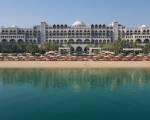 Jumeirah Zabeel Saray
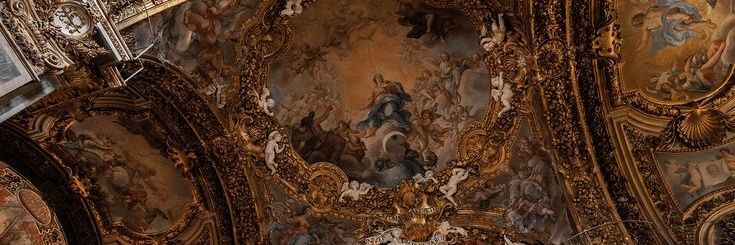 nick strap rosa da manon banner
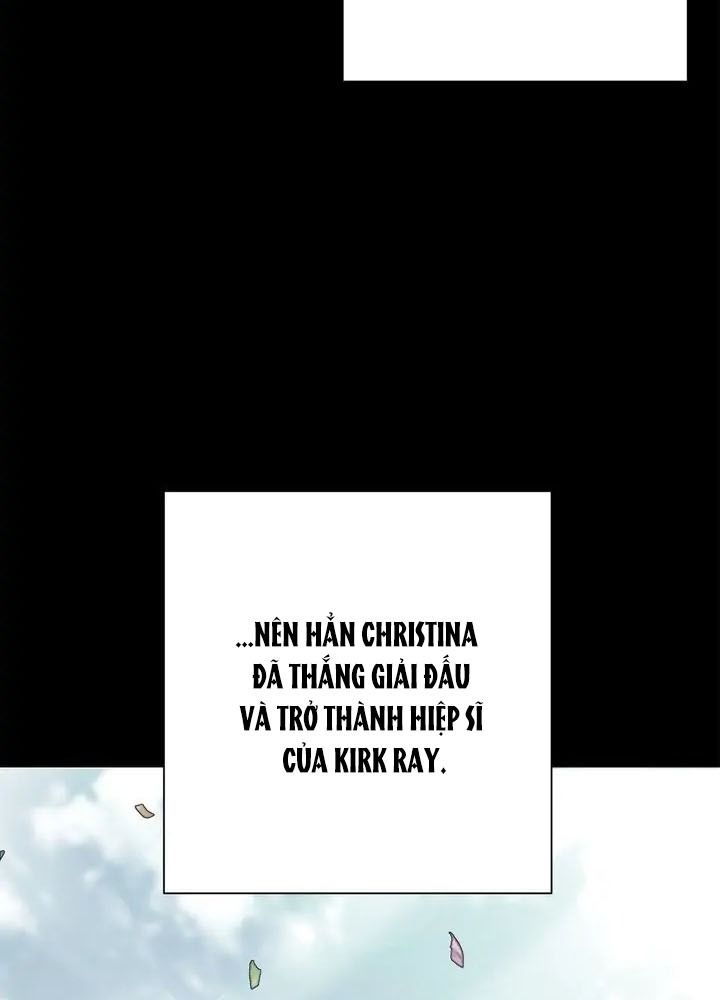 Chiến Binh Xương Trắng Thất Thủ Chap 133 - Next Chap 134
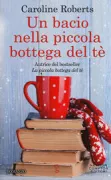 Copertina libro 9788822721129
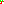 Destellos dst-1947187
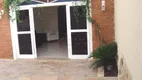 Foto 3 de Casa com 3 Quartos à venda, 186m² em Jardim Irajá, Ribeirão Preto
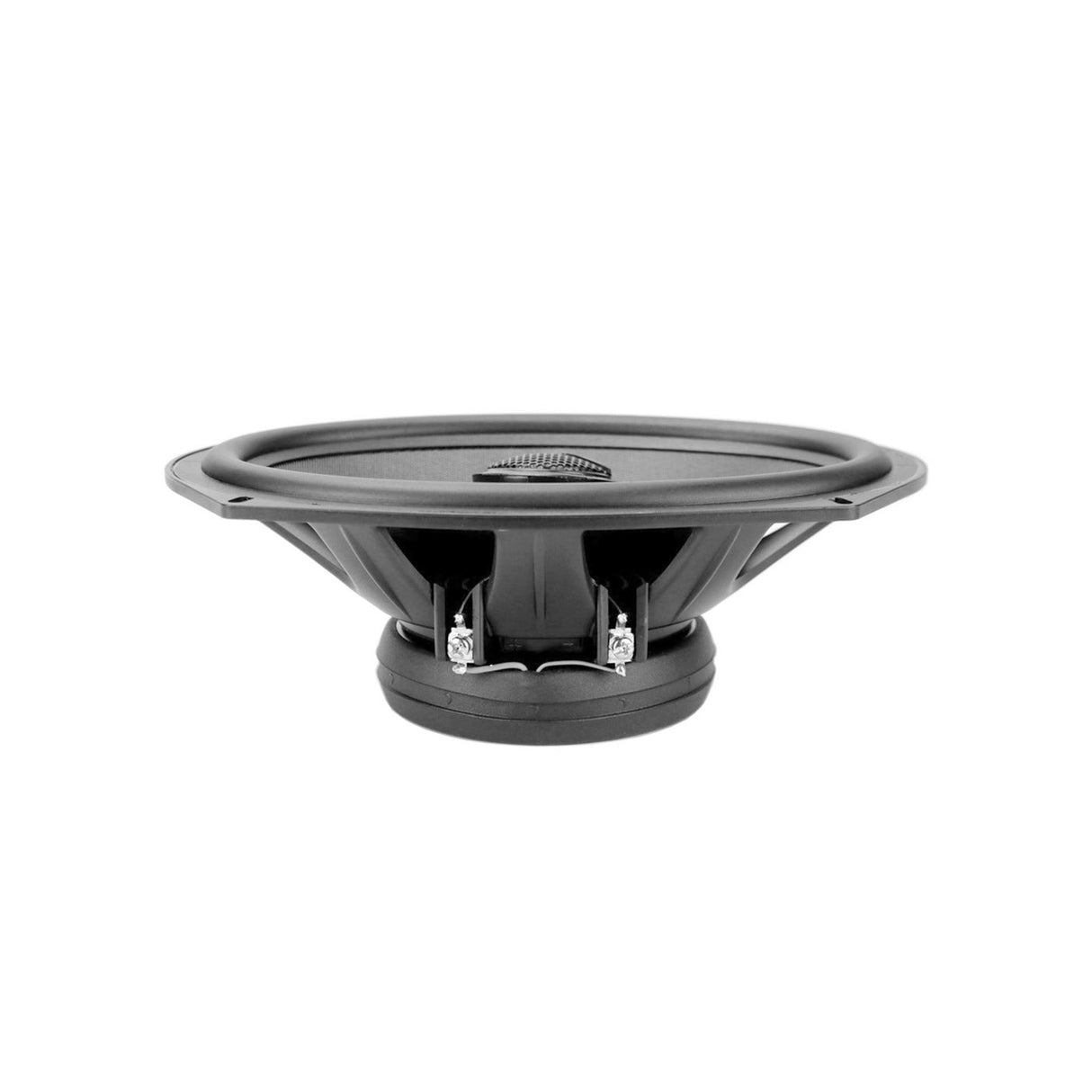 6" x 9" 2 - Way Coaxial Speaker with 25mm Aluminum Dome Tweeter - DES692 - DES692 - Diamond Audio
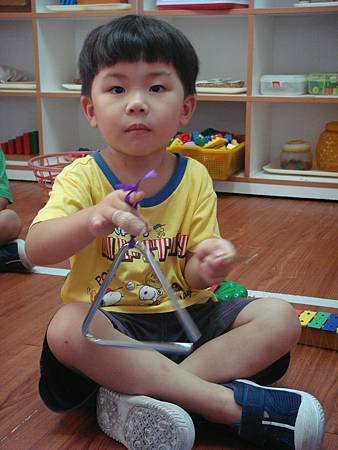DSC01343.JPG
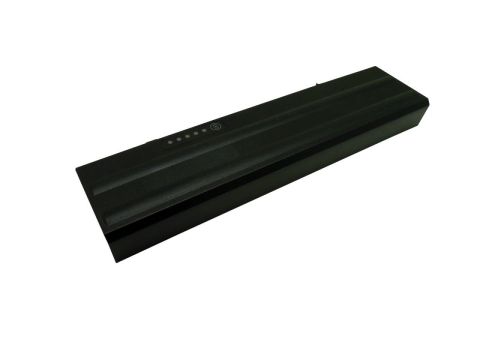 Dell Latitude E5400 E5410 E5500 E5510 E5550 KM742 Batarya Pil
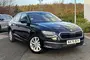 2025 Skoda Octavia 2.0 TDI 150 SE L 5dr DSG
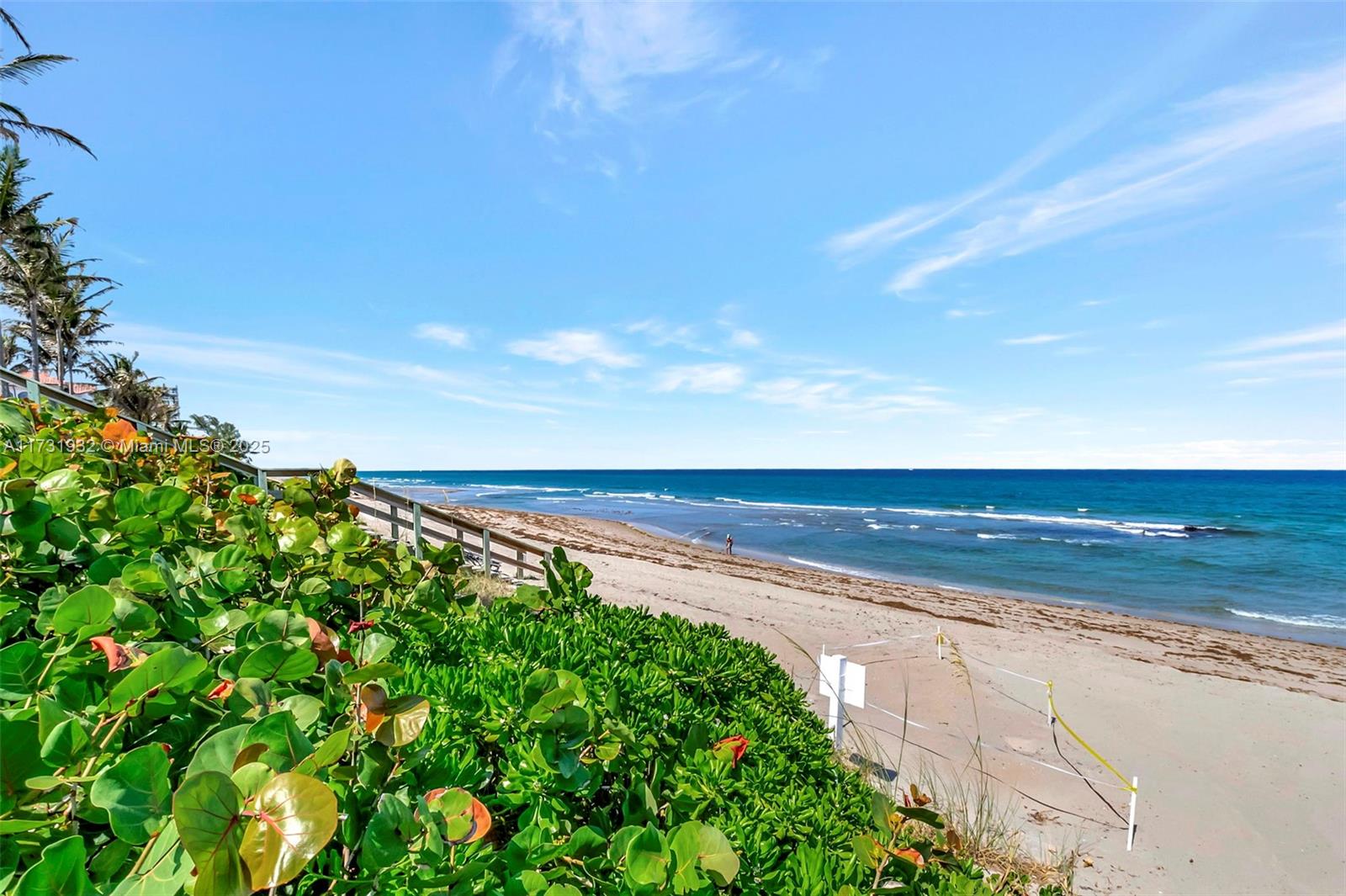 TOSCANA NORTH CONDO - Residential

What is required:
"Dell Latitude E5400" marks the first line to be returned; return exactly that line and every line after it through the last line of the listing, omitting pictures.

The completed task:
 Dell Latitude E5400 E5410 E5500 E5510 E5550 KM742 Batarya Pil
 2025 Skoda Octavia 2.0 TDI 150 SE L 5dr DSG
 TOSCANA NORTH CONDO - Residential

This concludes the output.